The early turkey catches the worm, right? Well, we bought an extra turkey last year (because we have a spare freezer, and the price per pound and deliciousness per bite were both excellent deals). Actually, we bought two extra turkeys, because that’s normal. One was cooked up months ago, and we decided that now is the perfect time for the second extra turkey.
We used Alton Brown’s “Classic Brined and Roasted Turkey” recipe, which yielded a wonderful turkey last year and a wonderful turkey this year.
Scott did a lot of research before he picked that recipe, and here’s one of the helpful tidbits that he learned. If you’re using a standard frozen turkey, there’s a really good chance that it contains a fair bit of sodium already. They’re basically pre-brined (unless you get a super fancy organic one, in which case you should read the label to see if it’s pre-brined or not). So if you’re using a frozen turkey and a recipe that calls for brining, you should probably skip that part. Look how much time you just saved!
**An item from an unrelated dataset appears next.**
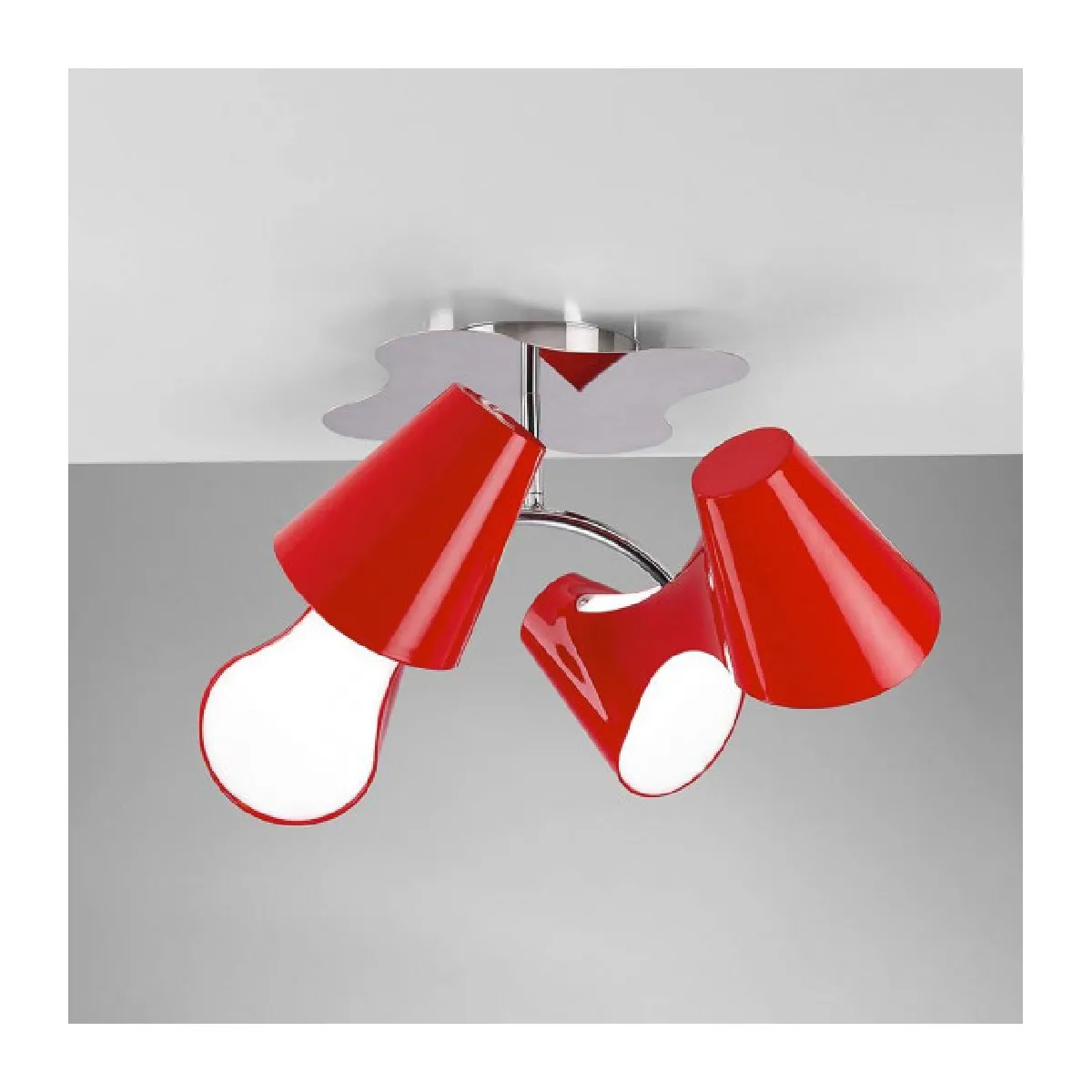 Plafonnier Ora 2 Arm 4 Ampoules E27, rouge brillant/arylique blanc/chrome poli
I already told you that this makes a good turkey. Unfortunately, I didn’t get a picture of our good turkey. But trust me, it had perfectly golden brown skin and nice carrots and onions peeking out around the edges. It looked very much like the turkey above, minus Alton Brown’s face in the background.
And now? Well now we have leftover turkey to feed a crowd. Or us for a week. There will be pot pie and fried rice and lots of happy leftovers coming our way (and yours) soon. And that is why you should cook your turkey on November 3, not November 27.